> [TASK INSTRUCTIONS]: Reproduction of part of the material below, pictures omitted: copy exactly, and only, the lines starting with the one with "empty room with" and going on through the one with "Cake pops with".

Start of DATA RECORDS

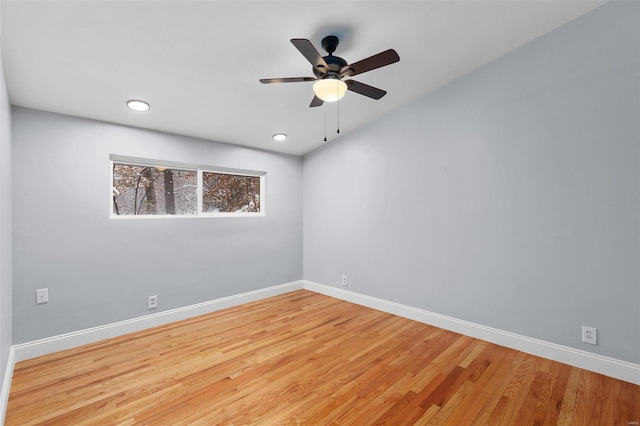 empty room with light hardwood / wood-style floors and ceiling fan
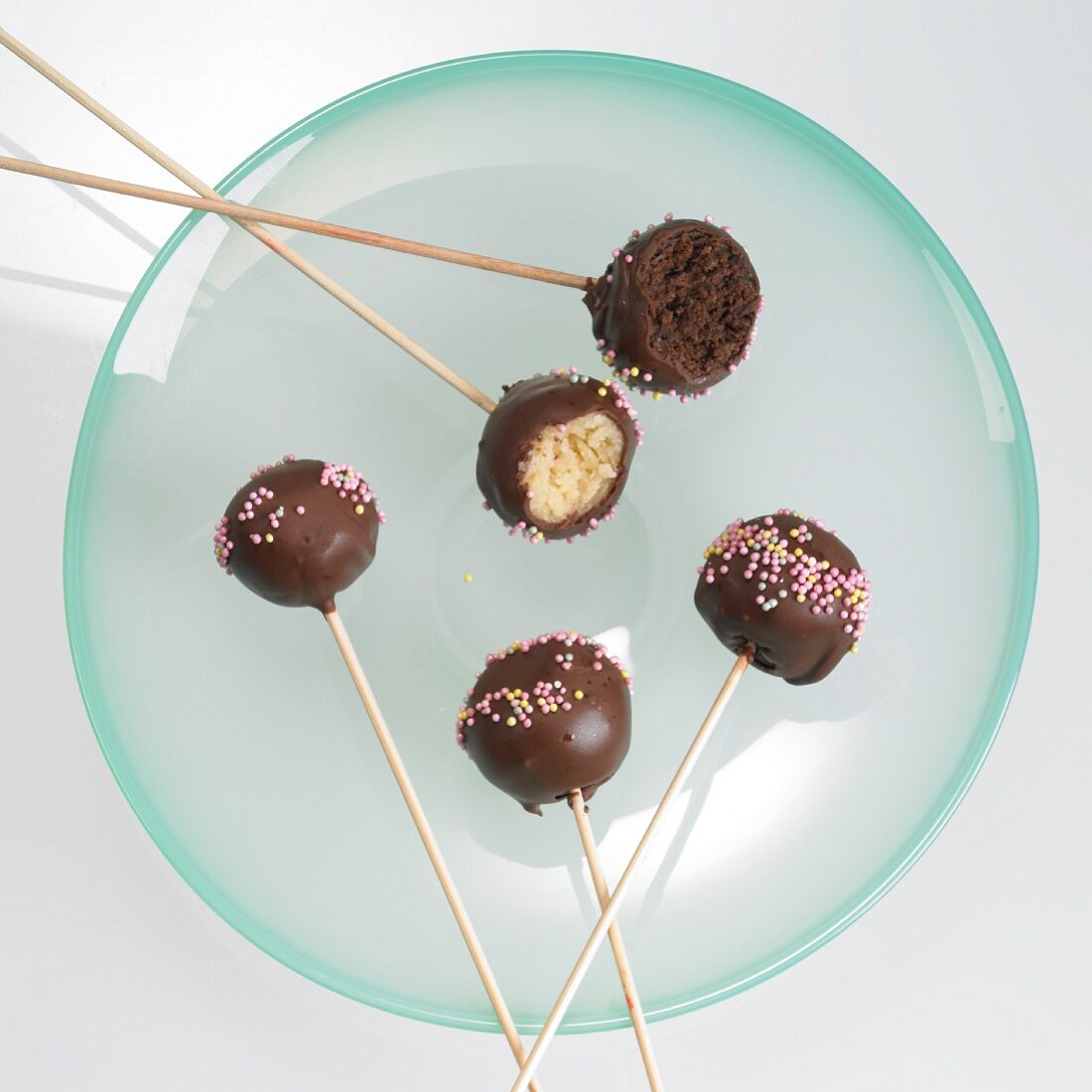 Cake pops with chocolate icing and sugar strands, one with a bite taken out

End of DATA RECORDS
Start of DATA RECORDS

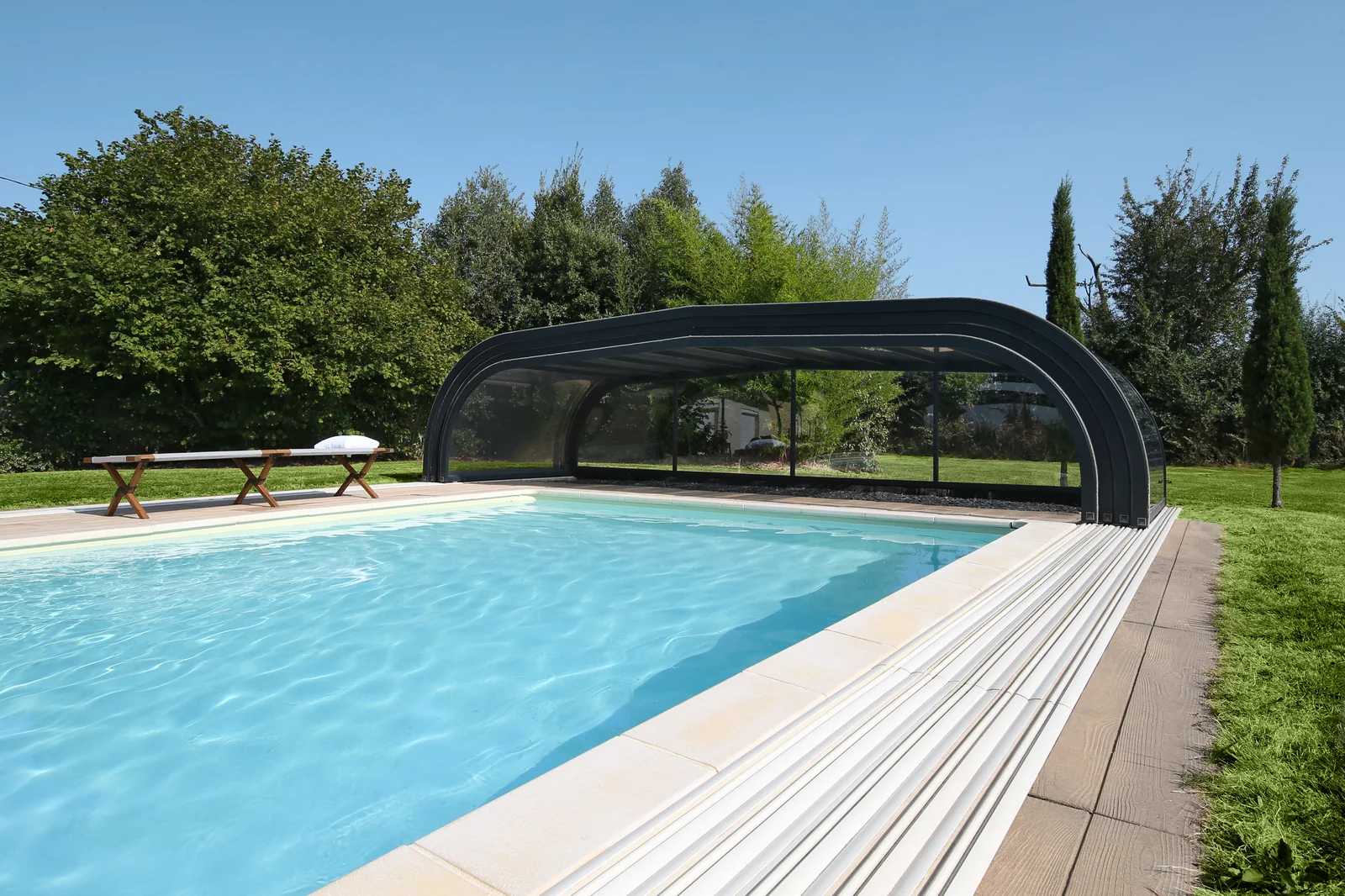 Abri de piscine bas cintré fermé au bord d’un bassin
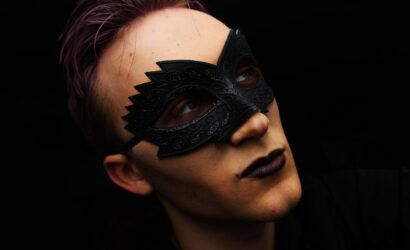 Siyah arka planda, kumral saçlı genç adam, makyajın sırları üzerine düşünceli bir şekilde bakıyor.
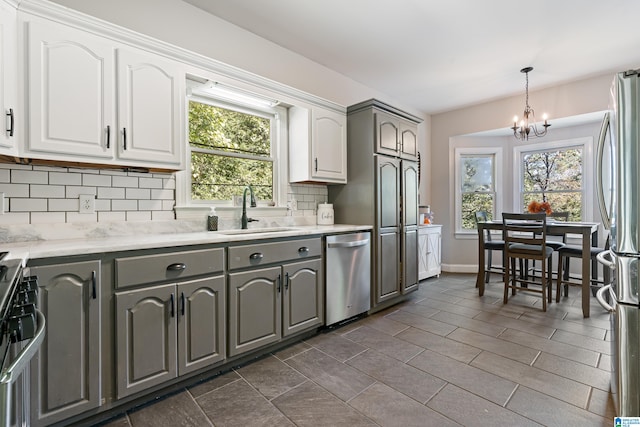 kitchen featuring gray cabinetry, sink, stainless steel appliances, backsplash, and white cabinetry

End of DATA RECORDS
Start of DATA RECORDS

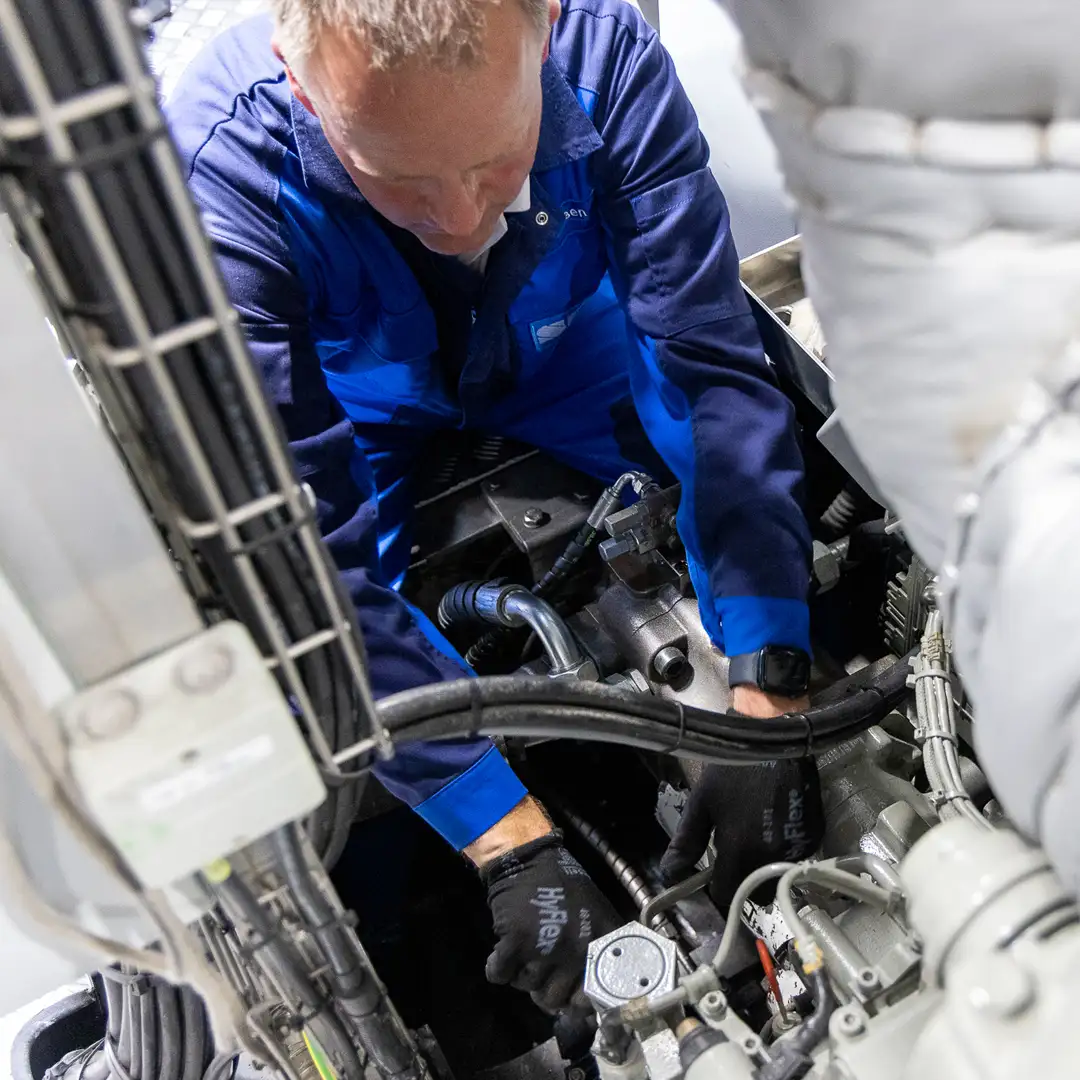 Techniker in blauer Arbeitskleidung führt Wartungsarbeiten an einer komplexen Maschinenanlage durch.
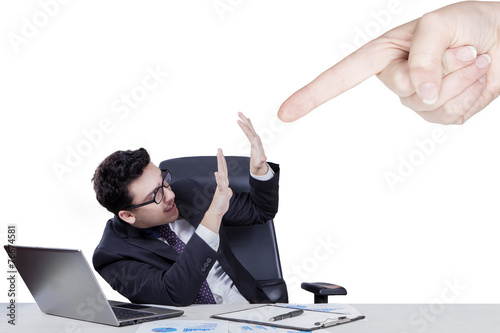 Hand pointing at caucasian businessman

End of DATA RECORDS

> [ANSWER BOX]:
 empty room with light hardwood / wood-style floors and ceiling fan
 Cake pops with chocolate icing and sugar strands, one with a bite taken out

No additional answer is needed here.